World War II was a war that enveloped the whole society. Growing up in the 1940s made us all part of that war—even those of us who lived in the U.S. miles from the fighting and the bombs. When I was growing up we were always conscious of cousins suffering bombing raids in Southampton, England and other cousins fighting in the American Army, but to children it was a war of small things.
We sent food packages to our relatives in England for as long as we could. Trips to the post office were part of our patriotic duty. So was stomping on tin cans in the kitchen so that we could send the flattened metal to aid the war effort. My father got up at 4:00 in the morning every Thursday to go stand on a rooftop in Jamaica and scan the skies for German airplanes that might be coming in to bomb Long Island. And my sister and I sat in a quiet classroom after school addressing envelopes to local merchants to let them know they could raise the price of some item in their store. I remember sending out a flood of messages about raising the price of filberts—a word that meant nothing to me—but the OPA (Office of Price Administration) had decided the price could be raised. More disturbing, I remember buying the newspaper after school and my friends and I looking through the lists of casualties to see whether anyone in our neighborhood had been listed as missing.

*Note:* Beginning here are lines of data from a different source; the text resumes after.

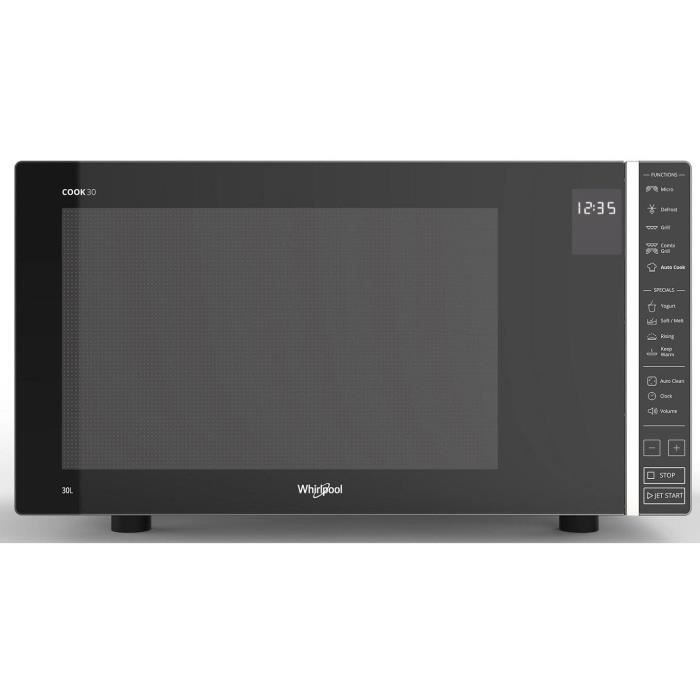 Whirlpool MWP 303 SB Four à micro-ondes, 30 litres, argent/noir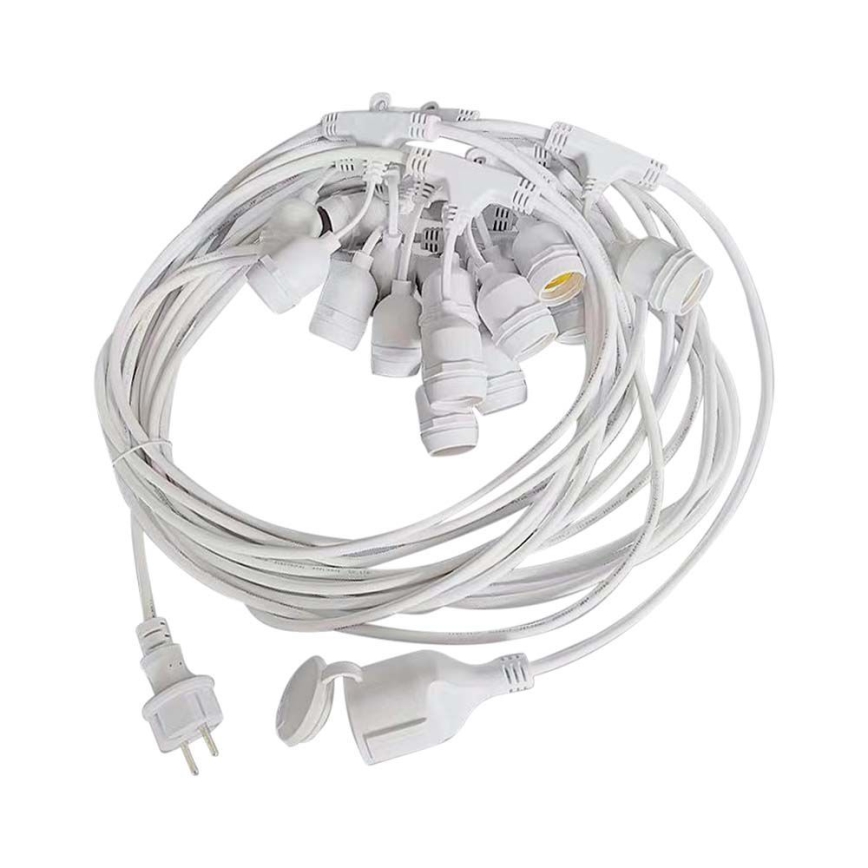 Spoljašnja svetlosna girlanda STRING, 15x E27 (maks. 40 W), 230 V, 15 m, IP65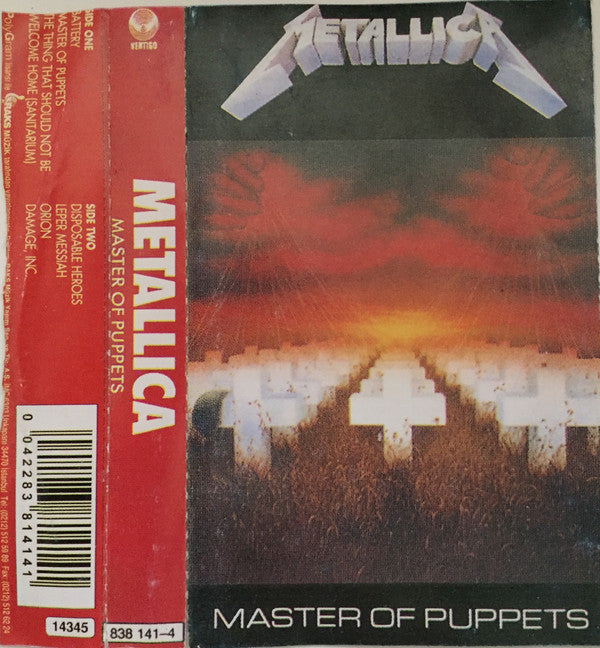 Metallica : Master Of Puppets (Cass, Album, RE)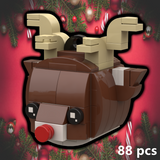 Christmas BrickHeadzal Ornament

But five years after the war had ended, we had long since thrown away our ration books and memories of the war were fading. Despite the delirium of V-E day and even more of V-J Day, which we saw with our parents as we walked through a crowded Times Square after celebrating their wedding anniversary, we were quickly able to put aside the war. By 1951 the life-changing experience of college had made the war seem long ago and far away. Then we went to Europe.

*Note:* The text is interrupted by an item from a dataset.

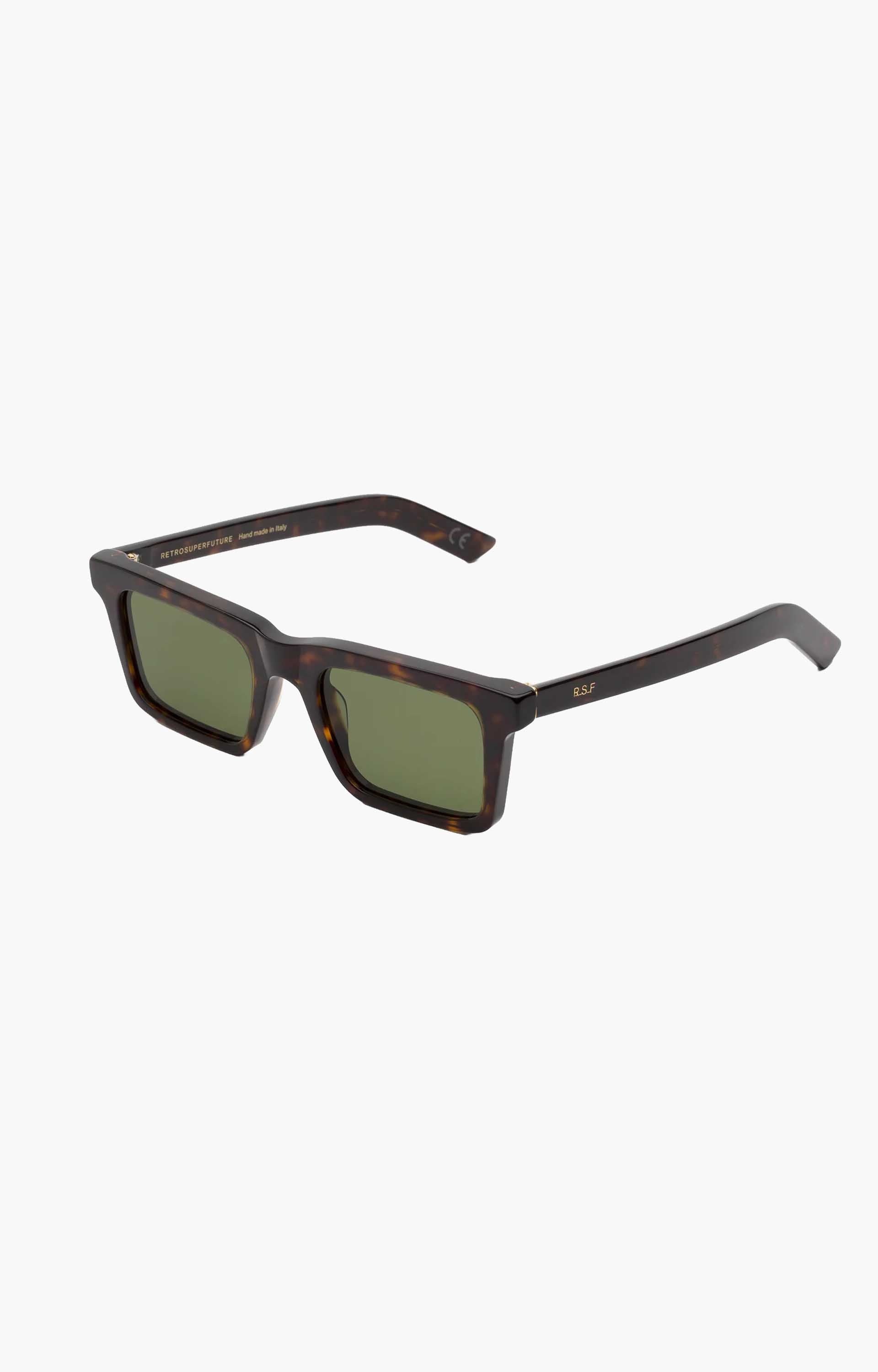 Retrosuperfuture 1968 3627 D9G Sunglasses, Tortoise/Green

In 1951, Europe was still recovering from the war. We were among the early groups of student tourists, guided by the Campus Christian Association at Cornell University to see Europe. Janet and I, along with our friend Jane Sawyer and a group of about twenty students from several different colleges along the East Coast went by ship from Montreal to the Netherlands. We were instantly recognizable as Americans by the nylon skirts and blouses we wore. My mother had made the two of us navy nylon skirts, which carried us through almost three months in Europe—wash and wear was an exciting new concept.
This journal and the black-and-white photos that go with it, photos taken by Jane Sawyer, are the souvenirs of our trip. We were ignorant, naïve students surprised by the lingering devastation in Europe and awed by the ever-present reminders of a long history. Without thinking much about it we absorbed some sense of what the war had meant in Europe, although not nearly as much as we probably should have.